Joining a growing consensus within asset management, the two companies said they will take on the cost of third-party investment research for affected clients rather than pass it on in the form of higher charges.
Only a handful of managers including Schroders, Janus Henderson and Amundi have said they will pass costs on to clients.
Nicolas Moreau, head of Deutsche Asset Management and member of the management board of Deutsche Bank, said: “As we strive to deliver both certainty and transparency to our clients, I am pleased to announce that Deutsche Asset Management will absorb the cost of external research for funds under the new Mifid II directive.
“We strongly believe that our approach is the best possible solution to the requirements of the new directive and that it will allow us to remain fully committed to delivering market-leading solutions to our clients.”

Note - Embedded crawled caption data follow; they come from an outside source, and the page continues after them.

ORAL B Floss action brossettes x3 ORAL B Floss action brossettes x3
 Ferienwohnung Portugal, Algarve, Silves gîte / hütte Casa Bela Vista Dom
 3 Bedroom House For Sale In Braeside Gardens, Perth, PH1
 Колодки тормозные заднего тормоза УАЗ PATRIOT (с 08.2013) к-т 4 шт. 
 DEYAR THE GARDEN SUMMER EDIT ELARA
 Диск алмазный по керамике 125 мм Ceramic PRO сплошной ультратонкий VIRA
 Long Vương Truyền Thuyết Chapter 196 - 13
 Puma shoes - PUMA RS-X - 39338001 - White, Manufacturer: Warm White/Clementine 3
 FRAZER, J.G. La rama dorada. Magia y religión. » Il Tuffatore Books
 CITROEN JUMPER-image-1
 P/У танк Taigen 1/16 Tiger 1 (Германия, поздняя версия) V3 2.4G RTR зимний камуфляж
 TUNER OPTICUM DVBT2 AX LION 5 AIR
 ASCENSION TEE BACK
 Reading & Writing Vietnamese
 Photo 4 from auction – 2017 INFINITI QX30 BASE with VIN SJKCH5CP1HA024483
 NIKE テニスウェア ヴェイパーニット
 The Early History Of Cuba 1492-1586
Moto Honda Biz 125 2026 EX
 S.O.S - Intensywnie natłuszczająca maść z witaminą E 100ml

European financial regulation
Unbundling guidance wrapped up in Mifid II gives firms the choice to pass the cost of research and analysis bought from brokers or banks on or cover it themselves.
The new European rules mean firms selling research will have to invoice separately for the work they do for clients from January 2018. The industry has been split over how best to confront the issue.
In a statement Franklin Templeton said: “We strongly believe that third-party research makes an important contribution to our internal research process and brings an independent perspective to challenge and enhance our own.”
Firms including Fidelity and BlackRock are among the asset managers yet to confirm how they will deal with research costs from January 2018 onwards.